2007-05-04 15:30:30

by Bernd Schubert

[permalink] [raw]
Subject: mkfs.ext2 triggerd RAM corruption

Hi,

I'm presently rather puzzled, if this is really a kernel bug, its a big bug.

Summary: The system ramdisk (initrd) gets corrupted while running mkfs.ext2 on
a local sata disk partition.

Reproduced on kernel versions: vanilla 2.6.16 - 2.6.20 (<2.6.16 doesn't run on
any of the systems I can do tests with).
Please note: I could reproduce this on serveral systems, all of them use ECC
memory and the memory of most of them the memory is monitored using EDAC.

Details:

1.) Our systems boot from an initrd, all system services are running from the
initrd/ramdisk.

2.) While setting up a lustre meta data storage server, lustre runs
mkfs.ext2 -j -b 4096 -F -i 4096 -J size=400 -I 512 /dev/sda4
(Please note, I first observed this while using a lustre patched kernel, but I
could reproduce this with vanilla kernels).


While this mkfs.ext2 command was running, suddenly running commands such as
ps, top, ls, etc. resulted in segmentation faults.

To see whats going on, I copied the entire / (so the initrd) into a tmpfs
root, chrooted into it, also bind mounted the main / into this chroot and
compared several times /bin of chroot/bin and the bind-mounted /bin while the
mkfs.ext2 command was running.

beo-05:/# diff -r /bin /oldroot/bin/
beo-05:/# diff -r /bin /oldroot/bin/
beo-05:/# diff -r /bin /oldroot/bin/
Binary files /bin/sleep and /oldroot/bin/sleep differ
beo-05:/# diff -r /bin /oldroot/bin/
Binary files /bin/bsd-csh and /oldroot/bin/bsd-csh differ
Binary files /bin/cat and /oldroot/bin/cat differ
...

Also tested different schedulers, at least happens with deadline and
anticipatory.

The corruption does NOT happen on running the mkfs command on /dev/sda1, but
happens with sda2, sda3 and sda3. Also doesn't happen with extended
partitions of sda1.

Any idea whats going on?


Thanks,
Bernd


--
Bernd Schubert
Q-Leap Networks GmbH


2007-05-04 20:40:14

by Jan-Benedict Glaw

[permalink] [raw]
Subject: Re: mkfs.ext2 triggerd RAM corruption

On Fri, 2007-05-04 16:59:51 +0200, Bernd Schubert <[email protected]> wrote:
> To see whats going on, I copied the entire / (so the initrd) into a tmpfs
> root, chrooted into it, also bind mounted the main / into this chroot and
> compared several times /bin of chroot/bin and the bind-mounted /bin while the
> mkfs.ext2 command was running.
>
> beo-05:/# diff -r /bin /oldroot/bin/
> beo-05:/# diff -r /bin /oldroot/bin/
> beo-05:/# diff -r /bin /oldroot/bin/
> Binary files /bin/sleep and /oldroot/bin/sleep differ
> beo-05:/# diff -r /bin /oldroot/bin/
> Binary files /bin/bsd-csh and /oldroot/bin/bsd-csh differ
> Binary files /bin/cat and /oldroot/bin/cat differ
> ...
>
> Also tested different schedulers, at least happens with deadline and
> anticipatory.
>
> The corruption does NOT happen on running the mkfs command on /dev/sda1, but
> happens with sda2, sda3 and sda3. Also doesn't happen with extended
> partitions of sda1.

Is sda2 the largest filesystem out of sda2, sda3 (and the logical
partitions within the extended sda1, if these get mkfs'ed, too)?
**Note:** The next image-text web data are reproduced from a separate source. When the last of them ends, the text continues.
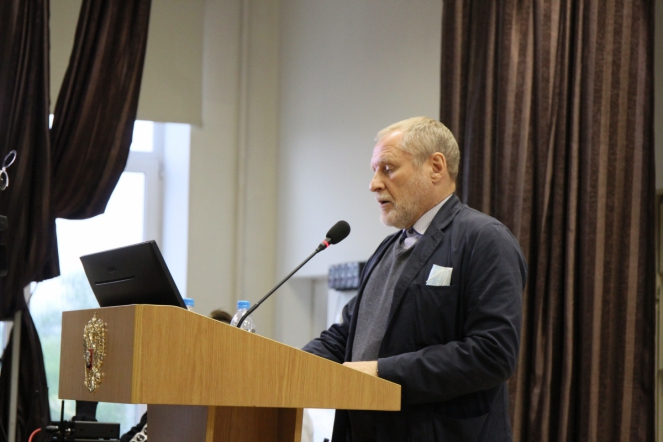 26 мая: Междисциплинарное ведение увеита: проблемы диагностики и терапии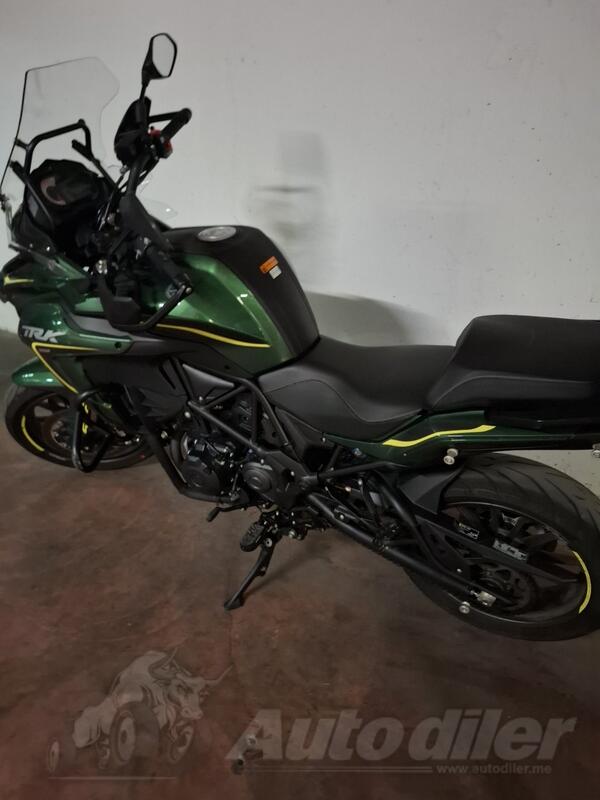 Benelli - TRK 502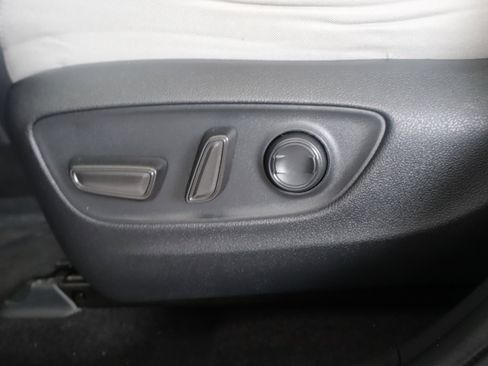 Used 2024 Toyota RAV4 XLE image 12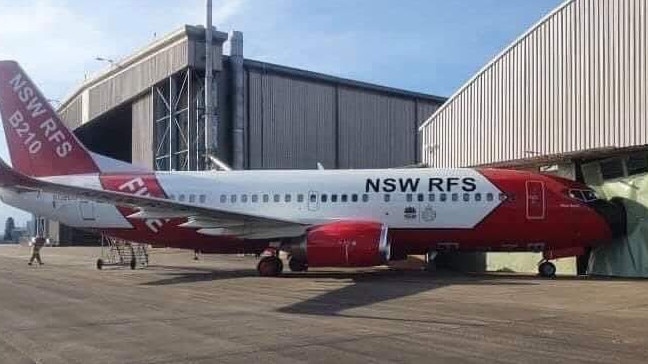 An RFS aeroplane has crashed into a hangar at Richmond on Tuesday.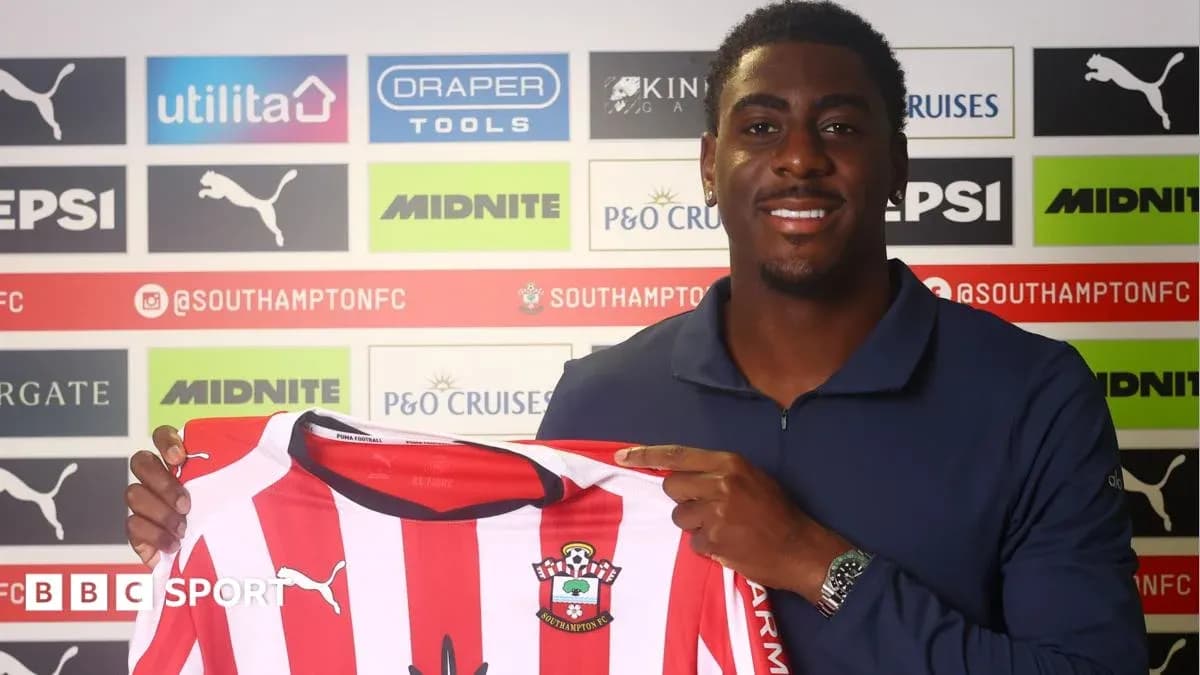 Futbolchi Southampton FC formasini ushlayotgan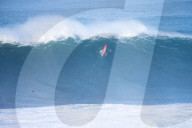 FEATURE - Wagemutige Surfer werfen sich in die tosende Brandung von Nazare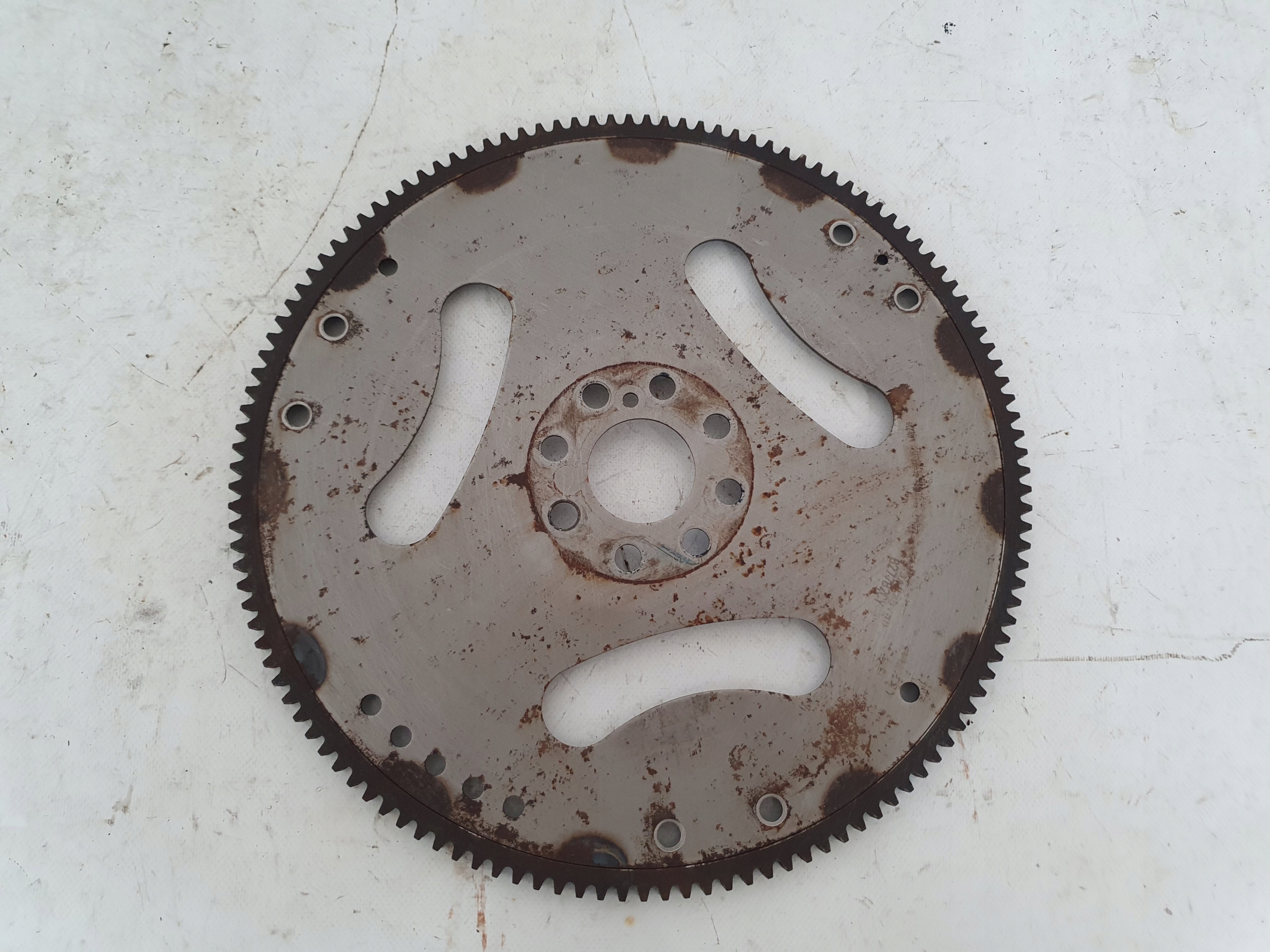 DODGE CHALLENGER 15-- 3.6 4X4 wheel flywheel ZEBATE 04752463AB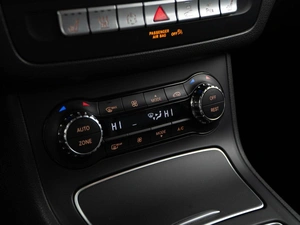 Хетчбэк Mercedes-benz B-класс 2015 года, 1577077 рублей, Москва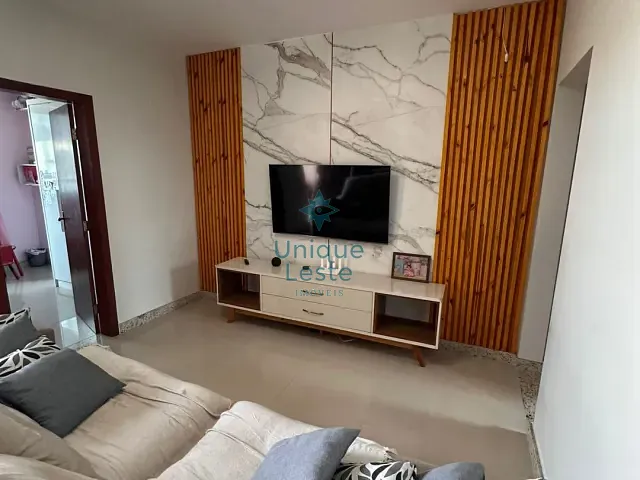 Casa 2 quartos e 2 banheiros, à venda, no bairro Jardim Vitória em Belo Horizonte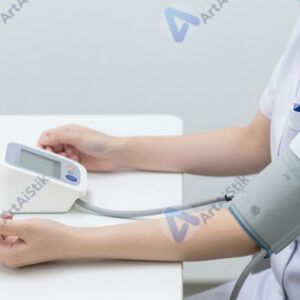 Медицинская сестра измеряет давление автоматическим тонометром.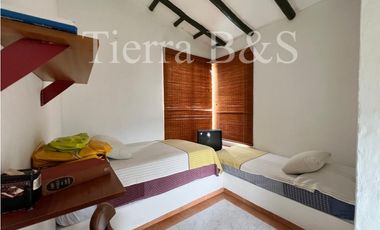 CASA CAMPESTRE CONDOMINIO MIRALOMAS DE HOLANDA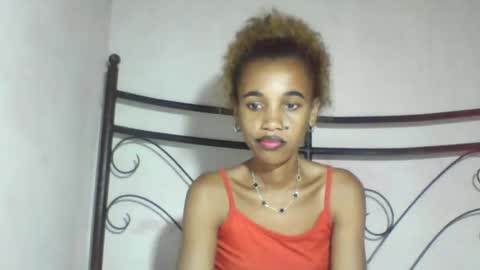Snapshot of claudiannah chatting on 05-18-26, 06:25 claudianne online show from 05-18-26, 06:25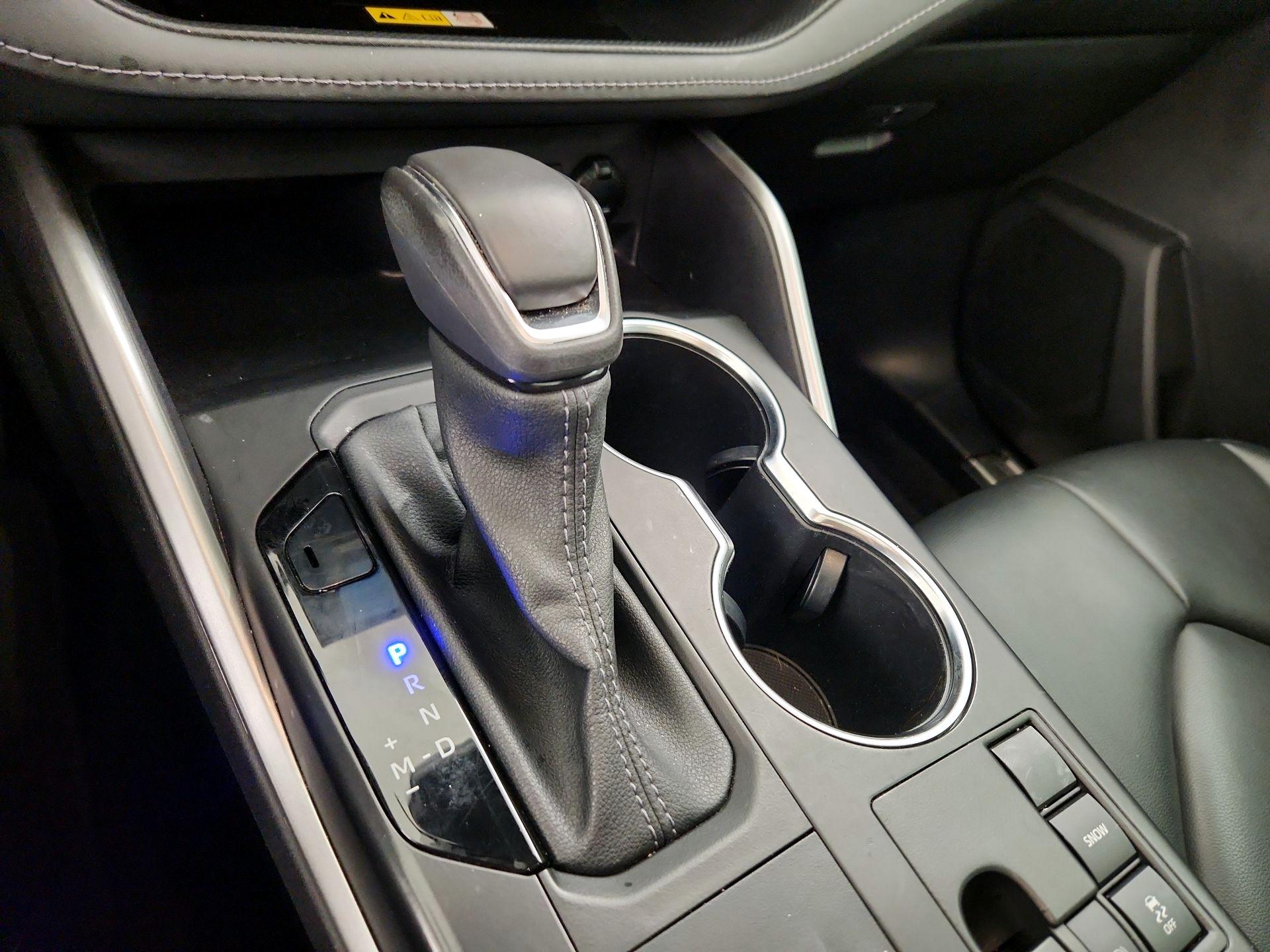 Thumbnail: 2023 Toyota Highlander - 17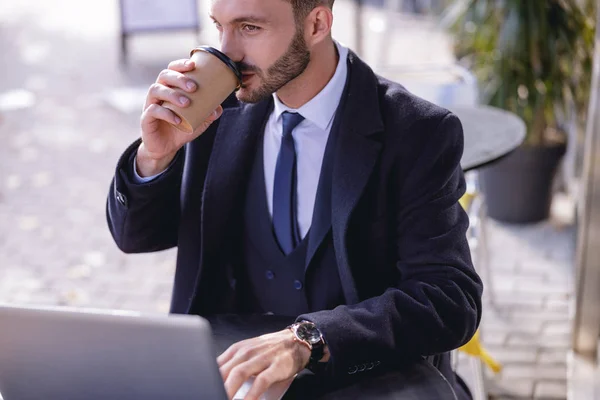 香りのコーヒーを飲むリラックスした若い男性 — ストック写真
I'm not too sure that this is a kernel bug, but probably a bad RAM
chip. Did you run memtest86 for a while? ...and can you reproduce this
problem on different machines?

MfG, JBG

--
Jan-Benedict Glaw [email protected] +49-172-7608481
Signature of: Friends are relatives you make for yourself.
the second :


Attachments:
(No filename) (1.39 kB)
signature.asc (189.00 B)
Digital signature
Download all attachments

2007-05-05 00:42:31

by Theodore Ts'o

[permalink] [raw]
Subject: Re: mkfs.ext2 triggerd RAM corruption

On Fri, May 04, 2007 at 04:59:51PM +0200, Bernd Schubert wrote:
>
> I'm presently rather puzzled, if this is really a kernel bug, its a big bug.
>
> Summary: The system ramdisk (initrd) gets corrupted while running
> mkfs.ext2 on a local sata disk partition.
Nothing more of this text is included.